简体   繁体   English

在遇到换行符或逗号时拆分/剥离一组行

[英]Split/Strip a set of lines on encountering newline or comma

I have a set of lines in a textpad.我在 textpad 中有一组行。

Eg:例如:

643 ABCF aksdjgk 1q25hgn
239056 dsgkn 32968, 39859 ewktgklh, 35927369
9689846 dklsghdkls 23-608 dsklgnk
ewth834056 sidtguoi,235907 sdkgji,25689-8, 29067490,wtyuoew

How can I read this using python and have the text split into different list values on newline as well as , (comma)?如何使用 python 读取此内容并将文本拆分为换行符以及, (逗号)上的不同列表值?
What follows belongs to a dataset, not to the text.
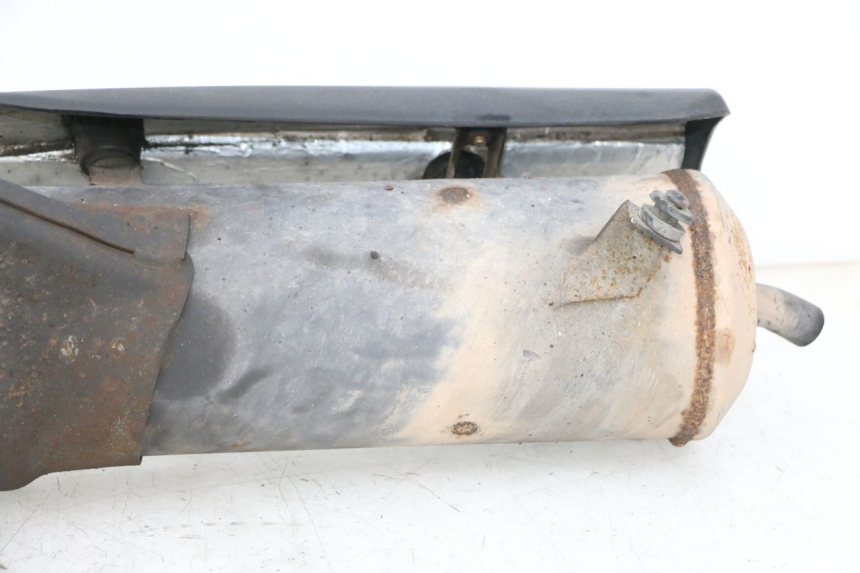 photo de AUSPUFFANLAGE KYMCO AGILITY 4T 50 (2018 - 2022) - Charakteristische Merkmale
For instance, the output for the example text should come out as例如,示例文本的输出应为

643 ABCF aksdjgk 1q25hgn
239056 dsgkn 32968,
39859 ewktgklh,
35927369
9689846 dklsghdkls 23-608 dsklgnk
ewth834056 sidtguoi,
235907 sdkgji,
25689-8,
29067490,
wtyuoew

Try using re.sub , and replace all commas with comma followed by a newline:尝试使用re.sub ,并用逗号后跟换行符替换所有逗号:

result = re.sub(',\s*', ',\n', input)

Note that we actually match ,\\s* , to remove any whitespace which might occur after a comma separator.请注意,我们实际上匹配,\\s* ,以删除逗号分隔符后可能出现的任何空格。

Assuming that "textpad" means text file, you have a couple of options.假设“textpad”表示文本文件,您有几个选择。 For a small file like the one shown, the easiest solution would be to read in the entire file as a string, and replace the commas with a comma + newline, as @TimBiegeleisen's answer shows.对于如图所示的小文件,最简单的解决方案是将整个文件作为字符串read ,并用逗号 + 换行符替换逗号,如@TimBiegeleisen 的回答所示。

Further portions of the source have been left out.